> [Task prompt]
Beginning with the first line, return the material verbatim and without pictures.
┌─ Data listing
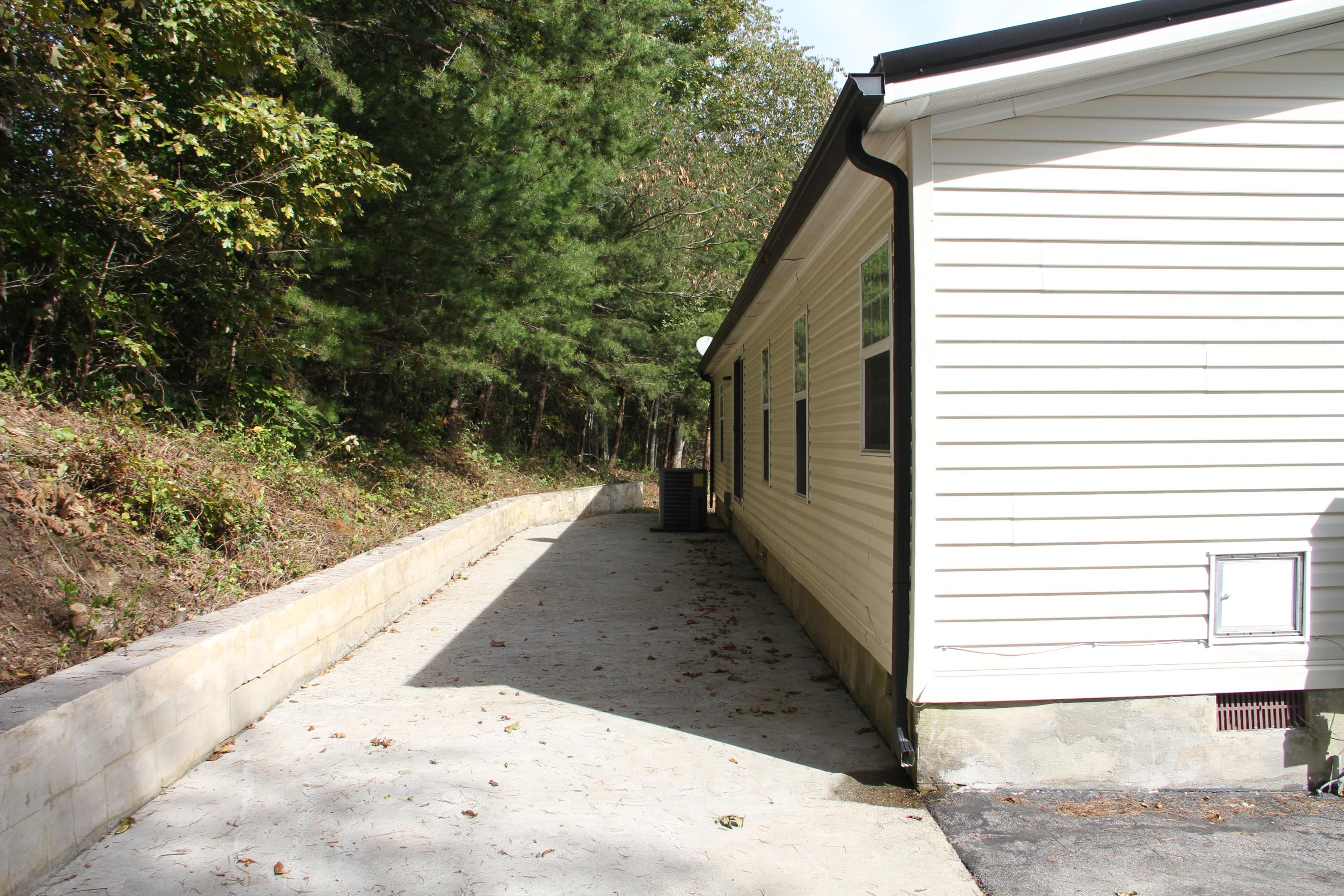 805 Little Valley Road Loudon, TN 37774 - Photo 5 of 22 IMG_1793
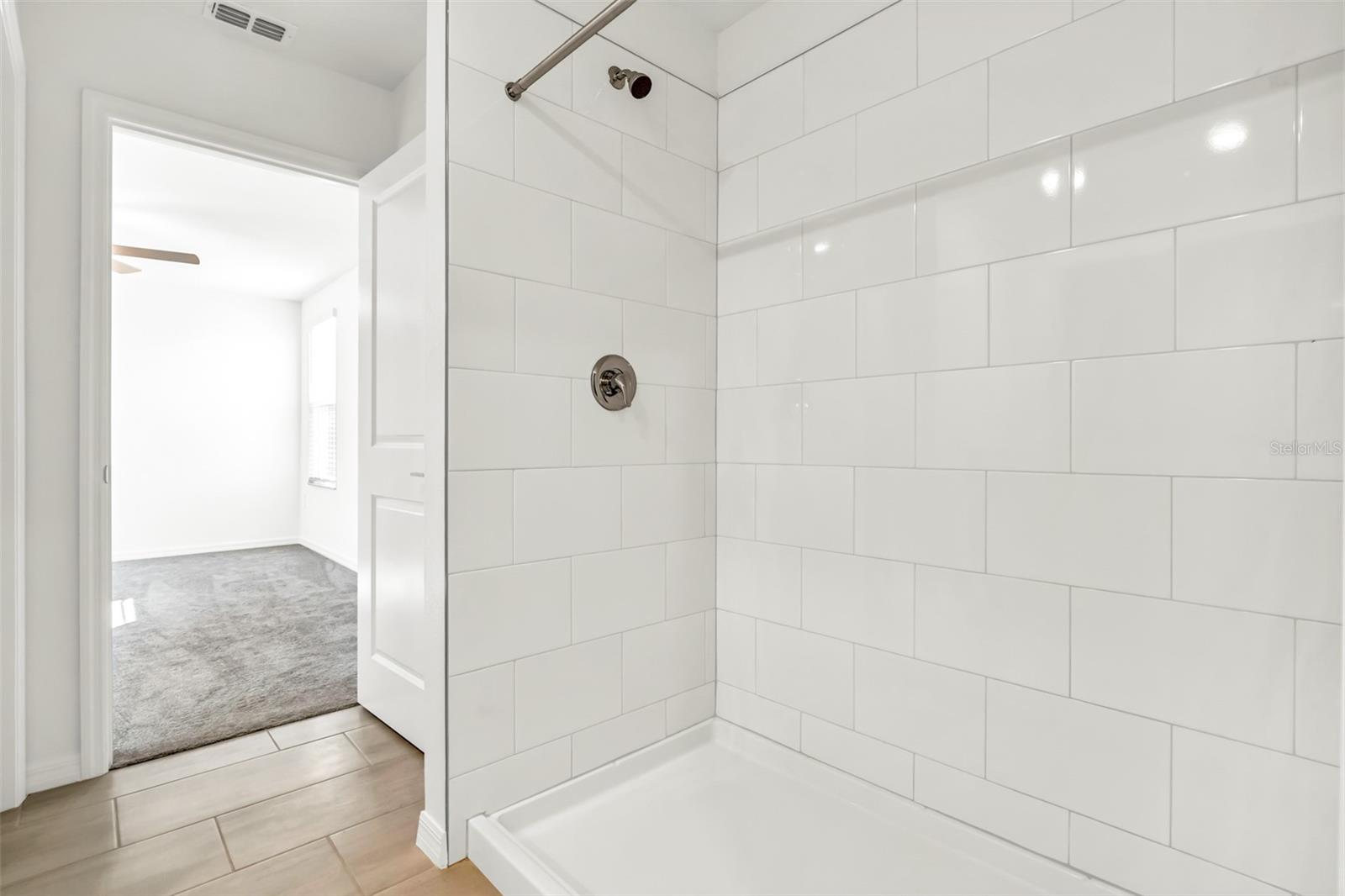 11672 RADIANT SHORE LOOP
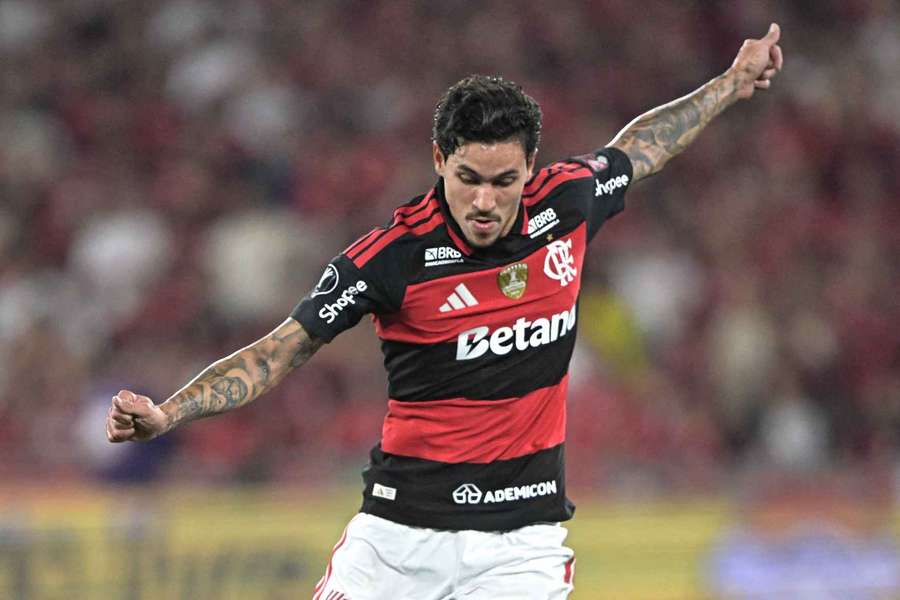 Pedro deu duas assistências na vitória do Flamengo por 2 a 1 no Maracanã
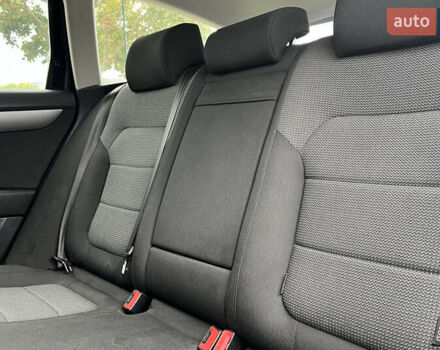 Черный Фольксваген Пассат, объемом двигателя 1.97 л и пробегом 250 тыс. км за 10000 $, фото 17 на Automoto.ua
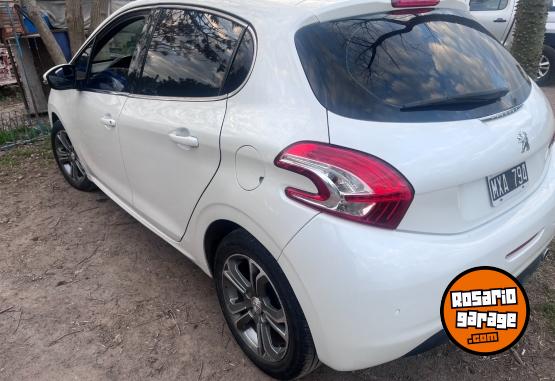Autos - Peugeot 208 FELINE 2014 Nafta 137000Km - En Venta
└─
> [Solution for this task]
 805 Little Valley Road Loudon, TN 37774 - Photo 5 of 22 IMG_1793
 11672 RADIANT SHORE LOOP
 Pedro deu duas assistências na vitória do Flamengo por 2 a 1 no Maracanã
 Черный Фольксваген Пассат, объемом двигателя 1.97 л и пробегом 250 тыс. км за 10000 $, фото 17 на Automoto.ua
Autos - Peugeot 208 FELINE 2014 Nafta 137000Km - En Venta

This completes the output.